Çınarlı mevzileri Fedai Ökkaş gibi topraksız, yoksul köylülerin direnciyle geçilememiştir.
Yaklaşık 10 ay süren ve 6 bin 317 vatan evladının şehit verildiği çatışmalar sürerken, yapılan bu fedakarlıklara karşılık TBMM, Antep'e 8 Şubat 1921'de "Gazi" unvanını verdi.
Antep savunması, milli mücadelenin önemli bir abidesidir. Dünyada eşi benzeri görülmemiştir. Dünyadaki şehir savunma savaşlarında; Verdün ve Stalingrad gibi tarihe geçmiş şehir savunmalarında iki devletin modern orduları karşılıklı savaşıyordu. Antep’te ise modern orduya karşı yokluğun kıskacında sıkışan halk topyekün seferber olarak, canını siper etmiş, kanını akıtmış, hürriyetin istikbalinde bağımsızlığını aramıştı.
Bu nedenledir ki, bir başka Gazi, Ulu Önder Mustafa Kemal Atatürk’ün “Bu tek Türk şehri hiçbir yerden maddi yardım görmeksizin kendi kahramanlığıyla kendini kurtardı ve Gazi unvanını hakkıyla, layıkıyla kazandı’ sözlerine mazhar olmuştur.

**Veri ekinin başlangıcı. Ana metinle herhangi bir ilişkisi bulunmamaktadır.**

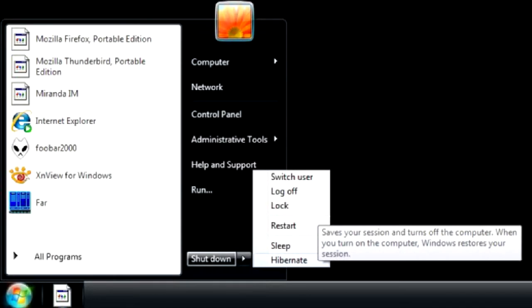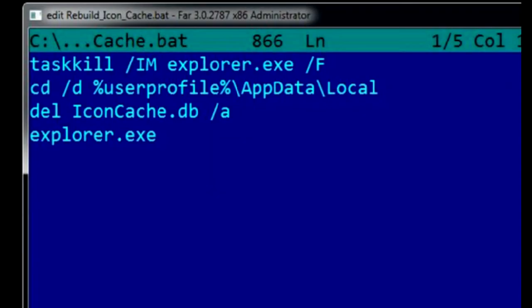The easiest way to get the icons back is hibernating your PC. Alternatively, you may use a special batch file to clear the icon cache and restart Windows Explorer.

Bu vesile ile, bu onur günümüzde başta Cumhuriyetimizin kurucusu Gazi Mustafa Kemal ve silah arkadaşları olmak üzere, vatan ve milletin bekası uğruna toprağa düşen aziz şehitlerimizi rahmetle, muhterem gazilerimizi minnetle anıyor Antep’e Gazi unvanı verilmesinin yıldönümünü emsalsiz bir gururla kutlamanın onurunu tüm hemşehrilerimizle paylaşıyor, sevgi ve saygılar sunuyorum.